There are several things you should never do although the system will not prevent you from doing them. Each of them results in breaking functionality of the UD infrastructure for other users! Fortunately, GitHub keeps the edit history and it is possible to revert damage you do by mistake; but you will be better liked if you avoid such mistakes.

Do not create AUX.md (nor aux.md)

It must be possible to clone the repository on any operating system. Unfortunately, some file names are banned on some systems. Specifically, on Microsoft Windows, the part of the file name before the period (and the extension) must not be AUX or aux. You may be tempted to create AUX.md to document the AUX UPOS tag or aux.md to document the dependency relation, and GitHub would allow you to do so, but do not do it – people who access GitHub from Windows would no longer be able to pull the updated version. The workaround we use is to add an underscore to the name (AUX_.md or aux_.md) and inside the MarkDown header, specify redirection so that browsers can still access the page as AUX.html

Here is an example of the redirect line to be put to the MarkDown header (replace “cs” with the code of the language you are documenting):

redirect_from: "cs/pos/AUX.html"

Do not use Jekyll directives

The website is built from the MarkDown sources using software called Jekyll and the source files can, besides plaintext, MarkDown and HTML, contain also code that will be interpreted by Jekyll.

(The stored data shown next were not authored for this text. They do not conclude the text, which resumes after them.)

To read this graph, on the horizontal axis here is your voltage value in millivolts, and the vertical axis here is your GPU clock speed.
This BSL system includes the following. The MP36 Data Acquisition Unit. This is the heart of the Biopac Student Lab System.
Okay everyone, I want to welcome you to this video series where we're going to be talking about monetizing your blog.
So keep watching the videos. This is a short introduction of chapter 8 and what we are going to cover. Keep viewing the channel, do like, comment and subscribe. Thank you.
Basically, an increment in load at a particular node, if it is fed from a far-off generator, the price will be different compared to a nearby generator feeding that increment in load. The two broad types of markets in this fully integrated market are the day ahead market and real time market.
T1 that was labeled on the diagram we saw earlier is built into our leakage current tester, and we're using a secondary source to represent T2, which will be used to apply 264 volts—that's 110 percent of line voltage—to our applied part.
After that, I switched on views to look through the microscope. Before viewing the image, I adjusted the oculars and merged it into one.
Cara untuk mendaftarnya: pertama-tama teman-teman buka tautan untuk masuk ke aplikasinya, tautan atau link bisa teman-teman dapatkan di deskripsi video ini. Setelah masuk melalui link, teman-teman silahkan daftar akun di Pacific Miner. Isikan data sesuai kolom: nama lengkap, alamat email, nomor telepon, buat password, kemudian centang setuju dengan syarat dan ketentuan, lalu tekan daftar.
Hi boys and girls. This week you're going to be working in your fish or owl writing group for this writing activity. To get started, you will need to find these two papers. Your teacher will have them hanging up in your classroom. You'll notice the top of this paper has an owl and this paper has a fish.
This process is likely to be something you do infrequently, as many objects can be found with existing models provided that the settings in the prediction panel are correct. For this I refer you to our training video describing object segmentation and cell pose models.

Do not use them. Jekyll is very fragile and if it finds a directive that it cannot fulfill, it will break. From that point on, the entire UD website will not be updated and will not reflect edits that you and other users make, until someone fixes the error.

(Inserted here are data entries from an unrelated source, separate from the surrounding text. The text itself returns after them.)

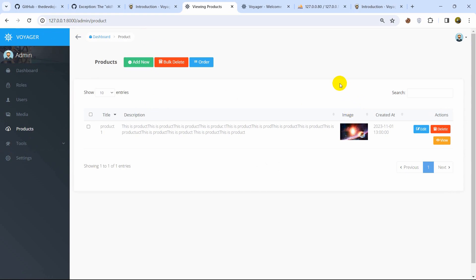This is how you can use the Voyager admin panel — you can do a lot of things really easily. In the future I may make a complete tutorial for Voyager. There are also a lot of other admin panel packages for Laravel that you can try. Thank you very much for watching. If you have any questions leave them in the comment section, make sure to subscribe, and I hope to see you in the next tutorials.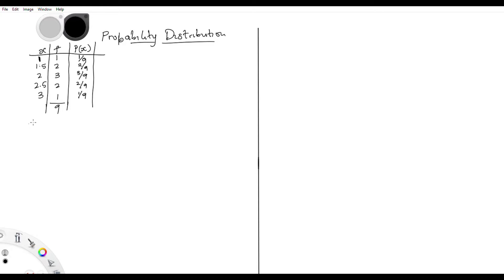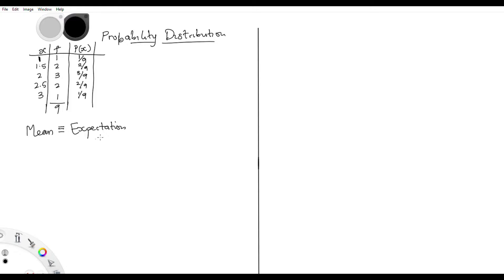Now what are we trying to work out? I'm trying to find the mean. The mean in terms of probability is also called the expectation. Expectation is calculated as the summation of x·p(x) — that's how you calculate mean in probability.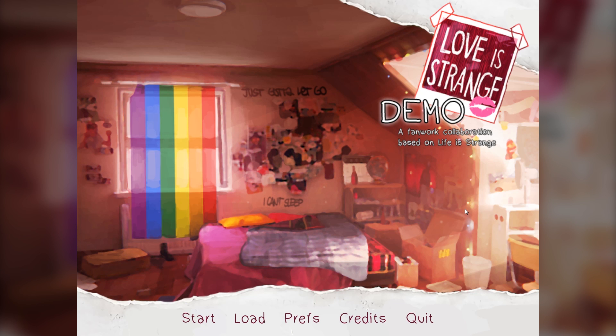Hey there! My name is Matterwellens, or Matter or Wellens, whatever you prefer. Welcome to Love is Strange. This is a fan-made visual novel of Life is Strange, and we're going to be taking a look at the demo today.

WARNING: If you create your pages by editing pages copied from another language, you may encounter a Jekyll directive that other people have inserted in their page. The fact that it worked for them does not necessarily mean that it is safe for you to use it, too. For example, the following are Jekyll include directives that occur in language-specific documentation of some languages (here in Czech):

{% include cs-pos-table.html %}
{% include cs-feat-table.html %}
{% include cs-dep-table.html %}

If you copy them to language with code xx and simply replace cs with xx, it will not work because Jekyll will not find the HTML file to be included. It will crash and the website will stop updating.

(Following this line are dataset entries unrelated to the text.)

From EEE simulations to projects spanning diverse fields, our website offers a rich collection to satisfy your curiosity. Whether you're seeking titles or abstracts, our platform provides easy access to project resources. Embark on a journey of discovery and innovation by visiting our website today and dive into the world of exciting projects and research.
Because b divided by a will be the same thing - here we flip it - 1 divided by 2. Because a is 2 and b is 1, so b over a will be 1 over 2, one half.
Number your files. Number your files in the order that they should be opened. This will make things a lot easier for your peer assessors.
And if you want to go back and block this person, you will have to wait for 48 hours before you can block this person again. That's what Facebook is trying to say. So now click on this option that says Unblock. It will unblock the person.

Fortunately, you do not need to use this include directive that is used in old pages. You can provide the lists of UPOS tags, features and relations directly in the index of your language-specific documentation.

Be careful with language-specific documentation

Some pages in the language-specific documentation are read by the validation infrastructure. If you make a mistake and the validator cannot find the information it is looking for, treebanks may become invalid and unreleasable. This is a larger problem if your treebank is not the only treebank of that language: Now you are endangering other people’s work.

For more details, see language-specific documentation.

Do not edit automatically generated pages

Large parts of the UD website are generated by scripts from the treebank data or from other sources within the UD infrastructure. They are typically updated when a new data release is prepared. Editing such pages manually is not a good idea – anything you do will be overwritten next time when the scripts are run.

Most of the automatically generated pages reside under the treebanks folder in the docs repository. The entire subtree of this folder is a no-go zone where you should not edit anything. If you see inaccurate information about your treebank, edit the README.md file in your treebank repository. The information has been copied from there and will be copied again when the next release is built.

Similarly, the treebank information on the homepage is taken from the treebank repositories. There are also automatically collected lists of features, relations, and MISC attributes used in the data.

There are other parts of the documentation pages that are generated automatically, such as cross-lingual links at the bottom of pages describing individual tags, features, and relations. These are added to the page by Jekyll and they should be updated at release time as well. (Anyway, for these parts it is much less obvious how you could change them, so it is not likely that you will edit them by mistake.)